**Assignment:**
How do the lines below between the ones holding "Longchamp LO2801 (400)" and "preview Fiat 500 #4", inclusive, read? Give them again exactly, with no other lines.

**Data to use:**
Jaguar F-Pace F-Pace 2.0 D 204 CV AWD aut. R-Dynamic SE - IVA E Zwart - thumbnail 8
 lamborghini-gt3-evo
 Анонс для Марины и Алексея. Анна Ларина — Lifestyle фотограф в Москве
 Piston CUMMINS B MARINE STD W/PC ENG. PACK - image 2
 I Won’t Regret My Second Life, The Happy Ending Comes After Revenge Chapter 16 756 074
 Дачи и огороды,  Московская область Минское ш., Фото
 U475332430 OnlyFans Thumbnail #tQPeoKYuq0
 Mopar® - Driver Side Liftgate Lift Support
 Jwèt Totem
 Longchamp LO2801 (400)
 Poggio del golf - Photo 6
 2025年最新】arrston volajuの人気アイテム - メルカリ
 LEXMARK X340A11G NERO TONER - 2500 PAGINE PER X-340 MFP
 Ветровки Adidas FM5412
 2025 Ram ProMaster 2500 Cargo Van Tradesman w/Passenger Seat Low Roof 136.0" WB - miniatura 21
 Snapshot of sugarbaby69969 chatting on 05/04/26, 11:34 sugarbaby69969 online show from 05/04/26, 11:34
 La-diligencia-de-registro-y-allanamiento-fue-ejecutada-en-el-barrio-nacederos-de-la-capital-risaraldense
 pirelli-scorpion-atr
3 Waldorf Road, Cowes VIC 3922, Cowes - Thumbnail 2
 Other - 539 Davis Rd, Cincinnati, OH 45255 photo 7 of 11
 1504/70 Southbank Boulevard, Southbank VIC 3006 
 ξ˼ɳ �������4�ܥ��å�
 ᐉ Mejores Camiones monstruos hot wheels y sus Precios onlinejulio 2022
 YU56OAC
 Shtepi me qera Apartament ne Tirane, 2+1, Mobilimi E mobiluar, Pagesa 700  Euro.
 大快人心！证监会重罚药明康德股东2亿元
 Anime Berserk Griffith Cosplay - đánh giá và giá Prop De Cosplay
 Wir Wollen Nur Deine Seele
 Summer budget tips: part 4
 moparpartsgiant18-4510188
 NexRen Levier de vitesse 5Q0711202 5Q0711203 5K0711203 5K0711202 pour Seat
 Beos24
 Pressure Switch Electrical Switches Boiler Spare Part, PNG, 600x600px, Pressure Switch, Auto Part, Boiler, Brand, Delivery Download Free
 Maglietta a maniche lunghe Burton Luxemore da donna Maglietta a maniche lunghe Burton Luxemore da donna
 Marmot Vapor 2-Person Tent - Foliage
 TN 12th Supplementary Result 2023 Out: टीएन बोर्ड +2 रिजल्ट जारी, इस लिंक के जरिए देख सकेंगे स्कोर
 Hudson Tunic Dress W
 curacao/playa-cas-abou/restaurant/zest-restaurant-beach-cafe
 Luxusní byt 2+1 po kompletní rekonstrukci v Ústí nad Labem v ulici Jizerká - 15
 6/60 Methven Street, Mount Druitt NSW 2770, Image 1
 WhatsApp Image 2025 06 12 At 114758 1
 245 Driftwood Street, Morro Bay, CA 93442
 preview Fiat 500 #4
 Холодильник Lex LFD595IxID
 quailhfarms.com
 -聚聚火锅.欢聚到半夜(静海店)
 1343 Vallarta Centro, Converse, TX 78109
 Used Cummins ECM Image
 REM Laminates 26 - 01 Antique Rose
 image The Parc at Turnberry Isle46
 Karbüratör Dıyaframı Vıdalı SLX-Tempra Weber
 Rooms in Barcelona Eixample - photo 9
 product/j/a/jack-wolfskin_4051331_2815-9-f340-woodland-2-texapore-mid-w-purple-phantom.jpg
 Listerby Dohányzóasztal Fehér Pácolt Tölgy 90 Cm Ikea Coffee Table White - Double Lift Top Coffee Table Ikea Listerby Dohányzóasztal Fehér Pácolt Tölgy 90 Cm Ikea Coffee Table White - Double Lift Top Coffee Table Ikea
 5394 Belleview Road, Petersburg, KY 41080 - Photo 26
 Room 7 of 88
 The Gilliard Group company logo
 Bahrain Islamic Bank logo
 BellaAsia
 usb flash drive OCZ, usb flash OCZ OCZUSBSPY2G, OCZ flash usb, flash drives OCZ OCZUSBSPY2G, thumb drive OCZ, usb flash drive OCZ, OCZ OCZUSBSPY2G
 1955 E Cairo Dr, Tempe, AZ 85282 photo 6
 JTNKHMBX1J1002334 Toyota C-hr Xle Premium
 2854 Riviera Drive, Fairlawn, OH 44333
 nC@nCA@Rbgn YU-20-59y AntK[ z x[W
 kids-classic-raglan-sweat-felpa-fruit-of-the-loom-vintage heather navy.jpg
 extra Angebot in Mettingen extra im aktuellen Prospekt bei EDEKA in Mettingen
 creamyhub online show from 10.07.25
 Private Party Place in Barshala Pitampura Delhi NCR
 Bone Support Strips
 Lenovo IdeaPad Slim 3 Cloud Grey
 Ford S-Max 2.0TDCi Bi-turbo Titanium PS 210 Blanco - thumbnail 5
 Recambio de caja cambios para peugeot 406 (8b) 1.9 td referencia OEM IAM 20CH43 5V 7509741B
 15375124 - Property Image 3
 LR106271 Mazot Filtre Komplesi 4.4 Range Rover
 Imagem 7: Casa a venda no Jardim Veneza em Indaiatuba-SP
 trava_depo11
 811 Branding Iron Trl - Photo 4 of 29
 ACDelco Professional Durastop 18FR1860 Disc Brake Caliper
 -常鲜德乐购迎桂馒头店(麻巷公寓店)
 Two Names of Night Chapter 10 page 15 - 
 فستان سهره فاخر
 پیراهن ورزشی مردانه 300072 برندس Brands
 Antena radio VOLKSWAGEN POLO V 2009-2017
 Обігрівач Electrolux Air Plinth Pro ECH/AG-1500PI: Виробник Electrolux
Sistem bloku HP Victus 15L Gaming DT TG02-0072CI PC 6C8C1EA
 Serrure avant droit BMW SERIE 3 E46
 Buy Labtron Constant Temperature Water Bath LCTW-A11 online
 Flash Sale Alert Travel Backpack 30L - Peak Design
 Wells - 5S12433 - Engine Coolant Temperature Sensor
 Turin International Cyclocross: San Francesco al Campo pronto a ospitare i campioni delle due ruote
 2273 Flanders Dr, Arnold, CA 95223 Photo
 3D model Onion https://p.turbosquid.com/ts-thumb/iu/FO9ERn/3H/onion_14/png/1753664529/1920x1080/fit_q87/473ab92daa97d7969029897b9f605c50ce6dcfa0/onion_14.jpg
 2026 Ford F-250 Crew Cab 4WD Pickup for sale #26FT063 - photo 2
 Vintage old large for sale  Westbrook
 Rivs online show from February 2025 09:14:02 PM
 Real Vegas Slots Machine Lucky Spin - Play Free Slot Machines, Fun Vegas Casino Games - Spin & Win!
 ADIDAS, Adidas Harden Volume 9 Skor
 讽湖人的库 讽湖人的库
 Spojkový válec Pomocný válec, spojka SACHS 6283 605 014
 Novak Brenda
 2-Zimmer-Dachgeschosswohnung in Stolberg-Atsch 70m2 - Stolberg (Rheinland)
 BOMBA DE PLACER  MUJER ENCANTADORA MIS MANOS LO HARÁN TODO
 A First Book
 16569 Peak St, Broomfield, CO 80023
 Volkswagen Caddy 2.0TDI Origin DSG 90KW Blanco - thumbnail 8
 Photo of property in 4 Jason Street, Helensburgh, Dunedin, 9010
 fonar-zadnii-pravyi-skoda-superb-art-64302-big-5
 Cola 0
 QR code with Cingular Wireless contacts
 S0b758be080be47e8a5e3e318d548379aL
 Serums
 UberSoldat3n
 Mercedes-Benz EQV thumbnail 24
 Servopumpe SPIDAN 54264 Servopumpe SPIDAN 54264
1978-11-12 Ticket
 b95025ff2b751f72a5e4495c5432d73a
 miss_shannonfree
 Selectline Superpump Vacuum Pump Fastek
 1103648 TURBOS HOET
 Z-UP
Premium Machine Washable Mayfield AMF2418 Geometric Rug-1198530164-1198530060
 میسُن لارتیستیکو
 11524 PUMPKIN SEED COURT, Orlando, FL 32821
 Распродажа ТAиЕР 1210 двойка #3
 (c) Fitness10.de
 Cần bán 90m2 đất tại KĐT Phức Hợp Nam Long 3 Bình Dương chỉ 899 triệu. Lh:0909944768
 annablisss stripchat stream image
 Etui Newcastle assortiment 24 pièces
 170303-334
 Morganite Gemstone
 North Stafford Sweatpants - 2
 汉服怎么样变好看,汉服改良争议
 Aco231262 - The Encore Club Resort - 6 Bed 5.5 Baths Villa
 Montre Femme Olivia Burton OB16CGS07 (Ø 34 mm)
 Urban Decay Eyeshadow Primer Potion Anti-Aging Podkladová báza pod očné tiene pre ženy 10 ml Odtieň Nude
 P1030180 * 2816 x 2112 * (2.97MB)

**Answer to this exercise:**
 Longchamp LO2801 (400)
 Poggio del golf - Photo 6
 2025年最新】arrston volajuの人気アイテム - メルカリ
 LEXMARK X340A11G NERO TONER - 2500 PAGINE PER X-340 MFP
 Ветровки Adidas FM5412
 2025 Ram ProMaster 2500 Cargo Van Tradesman w/Passenger Seat Low Roof 136.0" WB - miniatura 21
 Snapshot of sugarbaby69969 chatting on 05/04/26, 11:34 sugarbaby69969 online show from 05/04/26, 11:34
 La-diligencia-de-registro-y-allanamiento-fue-ejecutada-en-el-barrio-nacederos-de-la-capital-risaraldense
 pirelli-scorpion-atr
3 Waldorf Road, Cowes VIC 3922, Cowes - Thumbnail 2
 Other - 539 Davis Rd, Cincinnati, OH 45255 photo 7 of 11
 1504/70 Southbank Boulevard, Southbank VIC 3006 
 ξ˼ɳ �������4�ܥ��å�
 ᐉ Mejores Camiones monstruos hot wheels y sus Precios onlinejulio 2022
 YU56OAC
 Shtepi me qera Apartament ne Tirane, 2+1, Mobilimi E mobiluar, Pagesa 700  Euro.
 大快人心！证监会重罚药明康德股东2亿元
 Anime Berserk Griffith Cosplay - đánh giá và giá Prop De Cosplay
 Wir Wollen Nur Deine Seele
 Summer budget tips: part 4
 moparpartsgiant18-4510188
 NexRen Levier de vitesse 5Q0711202 5Q0711203 5K0711203 5K0711202 pour Seat
 Beos24
 Pressure Switch Electrical Switches Boiler Spare Part, PNG, 600x600px, Pressure Switch, Auto Part, Boiler, Brand, Delivery Download Free
 Maglietta a maniche lunghe Burton Luxemore da donna Maglietta a maniche lunghe Burton Luxemore da donna
 Marmot Vapor 2-Person Tent - Foliage
 TN 12th Supplementary Result 2023 Out: टीएन बोर्ड +2 रिजल्ट जारी, इस लिंक के जरिए देख सकेंगे स्कोर
 Hudson Tunic Dress W
 curacao/playa-cas-abou/restaurant/zest-restaurant-beach-cafe
 Luxusní byt 2+1 po kompletní rekonstrukci v Ústí nad Labem v ulici Jizerká - 15
 6/60 Methven Street, Mount Druitt NSW 2770, Image 1
 WhatsApp Image 2025 06 12 At 114758 1
 245 Driftwood Street, Morro Bay, CA 93442
 preview Fiat 500 #4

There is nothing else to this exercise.